(Data extracted from a collection)

((

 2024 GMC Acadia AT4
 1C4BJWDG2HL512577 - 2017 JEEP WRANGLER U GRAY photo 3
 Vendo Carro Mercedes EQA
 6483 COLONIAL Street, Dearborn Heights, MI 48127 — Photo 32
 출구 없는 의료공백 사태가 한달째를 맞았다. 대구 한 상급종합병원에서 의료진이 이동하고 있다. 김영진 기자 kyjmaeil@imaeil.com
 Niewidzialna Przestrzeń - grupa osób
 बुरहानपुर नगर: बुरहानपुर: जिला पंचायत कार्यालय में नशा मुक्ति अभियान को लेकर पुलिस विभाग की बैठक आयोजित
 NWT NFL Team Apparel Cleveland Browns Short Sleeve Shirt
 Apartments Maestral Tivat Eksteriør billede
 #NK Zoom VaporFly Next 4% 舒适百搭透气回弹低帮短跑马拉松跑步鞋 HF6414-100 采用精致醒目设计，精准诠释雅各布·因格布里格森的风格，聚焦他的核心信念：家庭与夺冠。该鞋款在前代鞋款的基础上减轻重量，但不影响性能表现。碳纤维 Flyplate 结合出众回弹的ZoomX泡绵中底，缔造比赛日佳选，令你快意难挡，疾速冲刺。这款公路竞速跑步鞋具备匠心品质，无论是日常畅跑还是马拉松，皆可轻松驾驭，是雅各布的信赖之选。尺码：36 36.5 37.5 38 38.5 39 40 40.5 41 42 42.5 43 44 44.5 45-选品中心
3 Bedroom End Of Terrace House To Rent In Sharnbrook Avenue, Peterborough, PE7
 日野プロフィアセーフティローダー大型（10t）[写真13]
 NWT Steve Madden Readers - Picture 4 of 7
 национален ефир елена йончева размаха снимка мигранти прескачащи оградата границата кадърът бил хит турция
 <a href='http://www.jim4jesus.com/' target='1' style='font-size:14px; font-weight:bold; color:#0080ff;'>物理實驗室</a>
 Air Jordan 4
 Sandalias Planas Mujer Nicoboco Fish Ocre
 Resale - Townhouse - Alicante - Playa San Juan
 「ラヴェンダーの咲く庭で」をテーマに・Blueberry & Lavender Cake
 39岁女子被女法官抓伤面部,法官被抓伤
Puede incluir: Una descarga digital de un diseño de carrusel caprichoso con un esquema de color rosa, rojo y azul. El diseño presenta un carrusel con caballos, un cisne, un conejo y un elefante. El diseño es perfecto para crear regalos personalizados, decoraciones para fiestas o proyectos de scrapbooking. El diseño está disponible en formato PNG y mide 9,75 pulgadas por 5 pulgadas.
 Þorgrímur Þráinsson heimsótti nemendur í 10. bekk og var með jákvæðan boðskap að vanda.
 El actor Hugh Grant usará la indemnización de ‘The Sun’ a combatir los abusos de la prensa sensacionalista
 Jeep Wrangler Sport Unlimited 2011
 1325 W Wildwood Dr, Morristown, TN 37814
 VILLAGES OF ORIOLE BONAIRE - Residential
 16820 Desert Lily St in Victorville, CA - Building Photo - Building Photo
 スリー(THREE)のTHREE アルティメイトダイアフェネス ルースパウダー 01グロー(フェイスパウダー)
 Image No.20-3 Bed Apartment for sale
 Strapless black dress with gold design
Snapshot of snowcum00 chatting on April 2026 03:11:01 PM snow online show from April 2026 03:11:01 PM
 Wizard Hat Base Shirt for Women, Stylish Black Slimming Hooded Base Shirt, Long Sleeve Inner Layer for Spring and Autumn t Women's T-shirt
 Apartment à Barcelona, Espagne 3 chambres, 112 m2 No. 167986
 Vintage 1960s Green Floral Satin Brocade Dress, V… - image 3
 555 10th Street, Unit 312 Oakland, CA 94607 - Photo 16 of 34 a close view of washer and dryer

))

● **Work request**: Filtering the entries above by the word "color", copy each line that matches.

● **Result below**:
 <a href='http://www.jim4jesus.com/' target='1' style='font-size:14px; font-weight:bold; color:#0080ff;'>物理實驗室</a>
Puede incluir: Una descarga digital de un diseño de carrusel caprichoso con un esquema de color rosa, rojo y azul. El diseño presenta un carrusel con caballos, un cisne, un conejo y un elefante. El diseño es perfecto para crear regalos personalizados, decoraciones para fiestas o proyectos de scrapbooking. El diseño está disponible en formato PNG y mide 9,75 pulgadas por 5 pulgadas.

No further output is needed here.